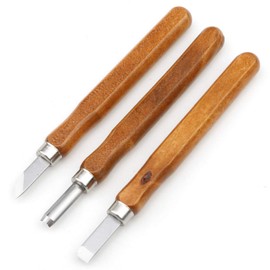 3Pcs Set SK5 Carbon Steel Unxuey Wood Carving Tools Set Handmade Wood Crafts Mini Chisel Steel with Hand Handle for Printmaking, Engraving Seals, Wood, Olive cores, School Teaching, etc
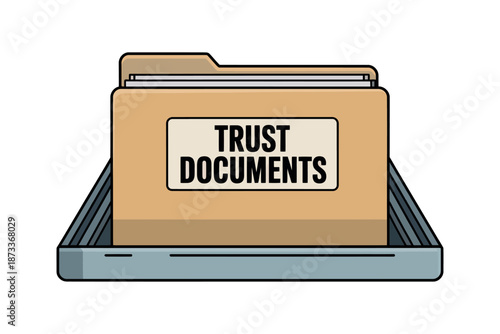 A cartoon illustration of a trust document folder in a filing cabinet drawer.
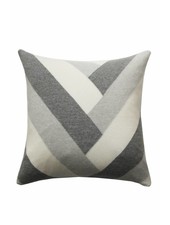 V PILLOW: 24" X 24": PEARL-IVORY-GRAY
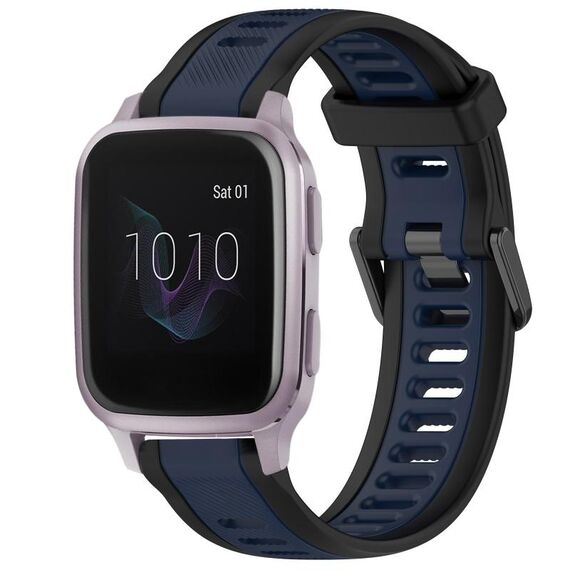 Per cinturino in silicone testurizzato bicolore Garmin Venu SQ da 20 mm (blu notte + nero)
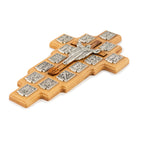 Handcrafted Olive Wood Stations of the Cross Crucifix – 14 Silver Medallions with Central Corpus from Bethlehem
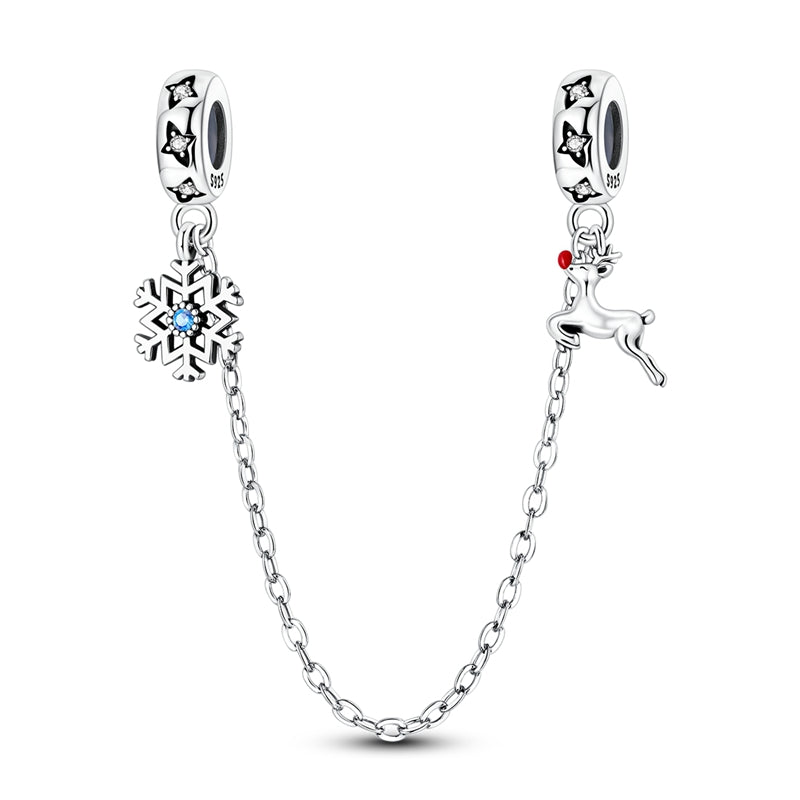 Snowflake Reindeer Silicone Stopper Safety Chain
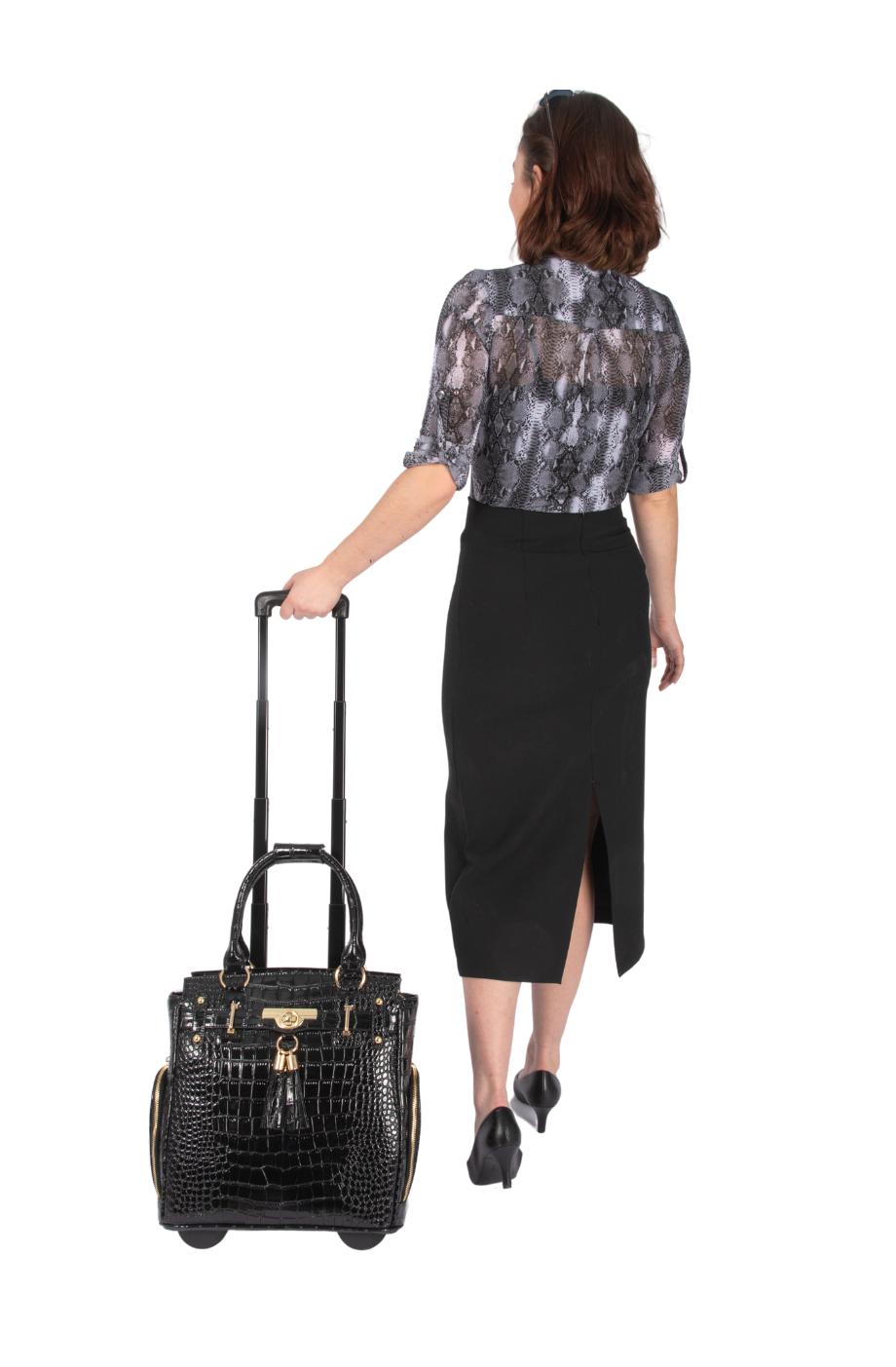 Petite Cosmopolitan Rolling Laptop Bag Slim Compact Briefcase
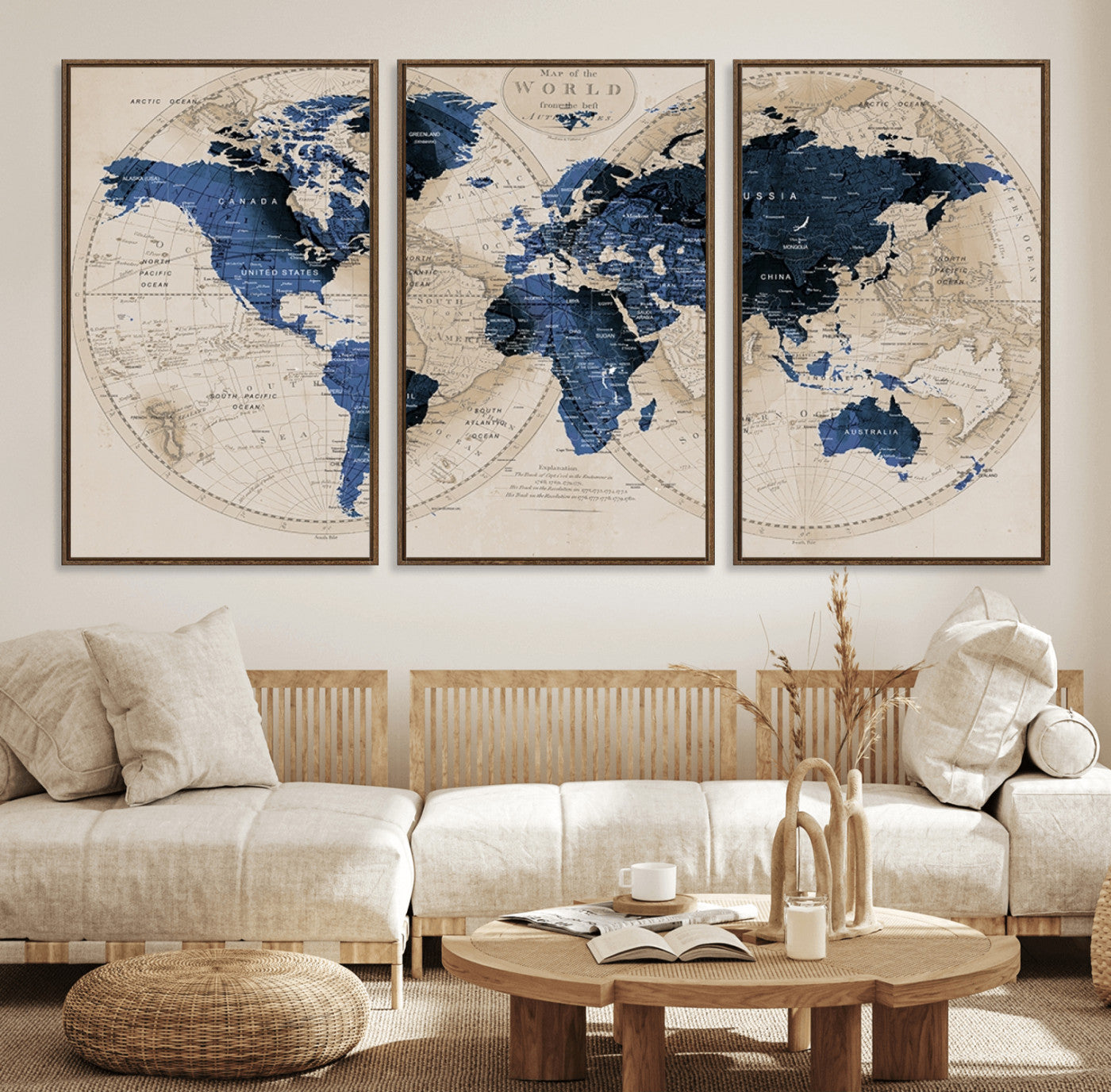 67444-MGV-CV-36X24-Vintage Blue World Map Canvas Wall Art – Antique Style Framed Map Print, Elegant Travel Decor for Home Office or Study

_ _ _

| Work item |
Retype each entry exactly. No pictures.

| Your response |
 3Pcs Set SK5 Carbon Steel Unxuey Wood Carving Tools Set Handmade Wood Crafts Mini Chisel Steel with Hand Handle for Printmaking, Engraving Seals, Wood, Olive cores, School Teaching, etc
 A cartoon illustration of a trust document folder in a filing cabinet drawer.
 V PILLOW: 24" X 24": PEARL-IVORY-GRAY
 Per cinturino in silicone testurizzato bicolore Garmin Venu SQ da 20 mm (blu notte + nero)
 Handcrafted Olive Wood Stations of the Cross Crucifix – 14 Silver Medallions with Central Corpus from Bethlehem
 Snowflake Reindeer Silicone Stopper Safety Chain
 Petite Cosmopolitan Rolling Laptop Bag Slim Compact Briefcase
 67444-MGV-CV-36X24-Vintage Blue World Map Canvas Wall Art – Antique Style Framed Map Print, Elegant Travel Decor for Home Office or Study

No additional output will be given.